Background on Suspension of Deportation
Since 1940, Congress has allowed the Attorney General to grant lawful status
to certain aliens who, though not lawfully admitted for permanent residency, have
established deep roots here. As first enacted, the Attorney General could suspend the
deportation of aliens who could show 5 years of good moral character and
prospective "serious economic detriment" to lawfully present members of their
immediate families. However, several classes of aliens were ineligible, and Congress
retained power to overturn relief by resolution.
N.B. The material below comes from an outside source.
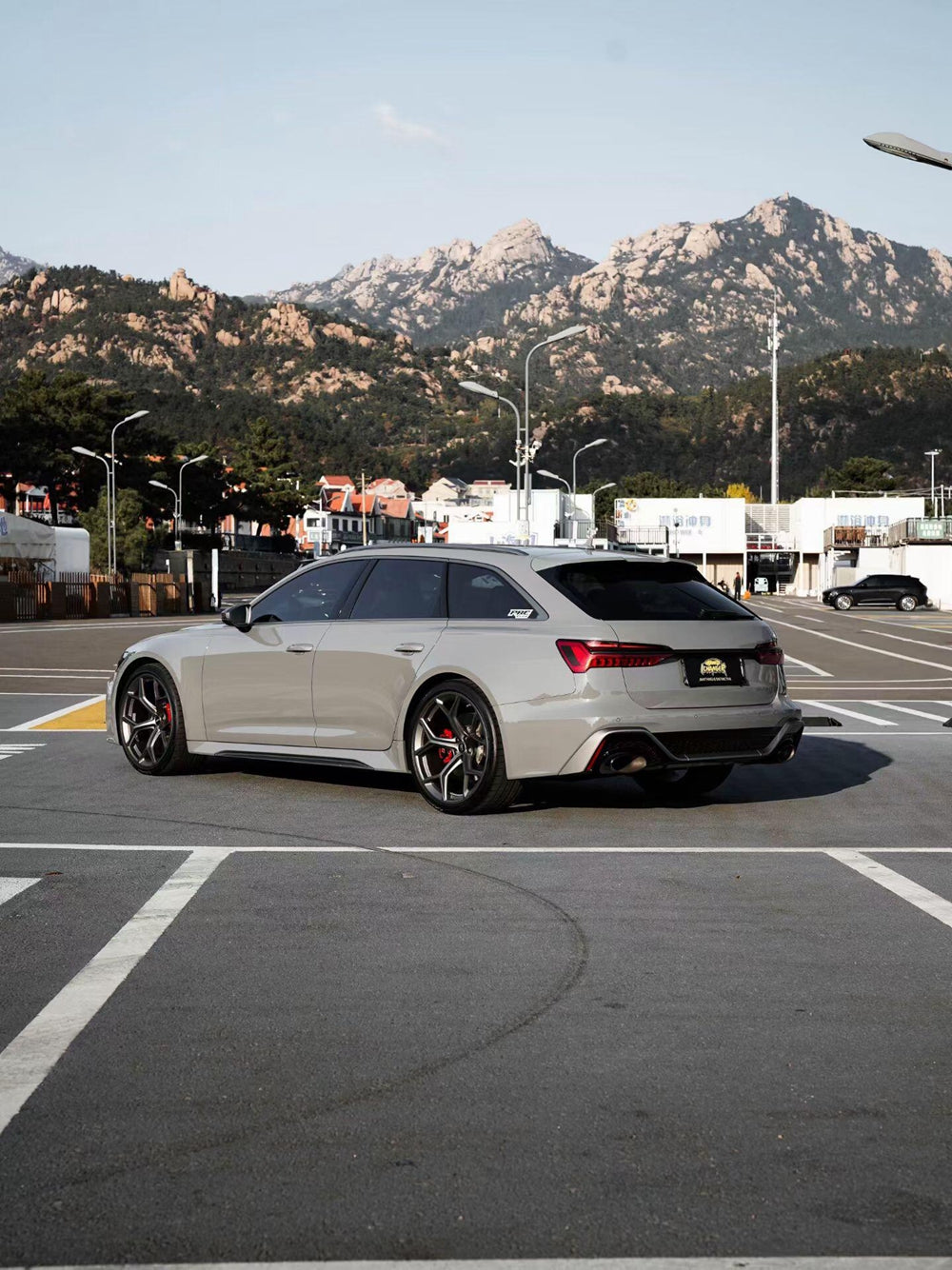 Vinyl Wrap Super Gloss Nardo Grey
Over time, Congress has changed the basic eligibility rules for suspension of
deportation, the classes of ineligible aliens, and the role of Congress. As enacted, the
Immigration and Nationality Act of 1952 (INA) expanded potential eligibility by
See CRS Report 97-810, Central American Asylum Seekers: Impact of 19961
allowing relief premised on hardship to the prospective deportee and by shortening
the list of ineligible groups, but relief could only be granted if both the Attorney
General and Congress acted. The lists of ineligible groups for suspension under the
INA, which still is our primary immigration statute, subsequently were amended
further. Also, the Supreme Court has precluded congressional participation in
individual suspension cases.
IIRIRA Revisions of Hardship Relief
New Name, New Standards
IIRIRA broadly revised the rules for removing aliens who violate immigration
law. Among its changes, IIRIRA consolidates what were formerly separate
"exclusion" and "deportation" procedures into a single "removal" process. Within
the new removal process, long-term undocumented residents are subjected to tighter
standards for obtaining hardship relief than previously existed for such relief under
Before IIRIRA, suspension of deportation could be granted to an alien who had
been physically present for 7 years, who had had good moral character, and whose
deportation would result in extreme hardship to the alien or to the alien's citizen or
permanent resident spouse, child, or parent. Stricter standards -- 10 years' presence
and "exceptional and extremely unusual hardship" -- existed for aliens who were
deportable on certain criminal, fraud, or security grounds, while eased standards
existed for certain abused spouses and children.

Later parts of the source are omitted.